• [WHAT NEEDS TO BE DONE]: Set down exactly the lines running from the line with "Choose which Windows 10 media to use" to the end of the listing below, both ends included.
─── SUPPLIED RECORDS
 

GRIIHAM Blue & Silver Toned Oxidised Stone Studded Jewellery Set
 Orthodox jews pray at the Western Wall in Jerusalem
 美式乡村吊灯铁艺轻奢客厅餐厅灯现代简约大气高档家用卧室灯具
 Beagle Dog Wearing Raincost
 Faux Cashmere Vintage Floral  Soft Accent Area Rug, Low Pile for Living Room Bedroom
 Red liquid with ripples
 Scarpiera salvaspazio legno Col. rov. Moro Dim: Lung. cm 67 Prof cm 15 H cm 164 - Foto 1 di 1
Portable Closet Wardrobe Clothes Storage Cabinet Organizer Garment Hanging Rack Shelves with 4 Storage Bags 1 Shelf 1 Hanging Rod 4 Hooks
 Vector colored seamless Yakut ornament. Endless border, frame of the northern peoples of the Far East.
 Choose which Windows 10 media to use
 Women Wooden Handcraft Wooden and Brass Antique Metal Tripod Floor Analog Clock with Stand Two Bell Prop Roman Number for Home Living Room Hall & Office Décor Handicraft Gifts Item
──────
• [EXERCISE RESULT]:
 Choose which Windows 10 media to use
 Women Wooden Handcraft Wooden and Brass Antique Metal Tripod Floor Analog Clock with Stand Two Bell Prop Roman Number for Home Living Room Hall & Office Décor Handicraft Gifts Item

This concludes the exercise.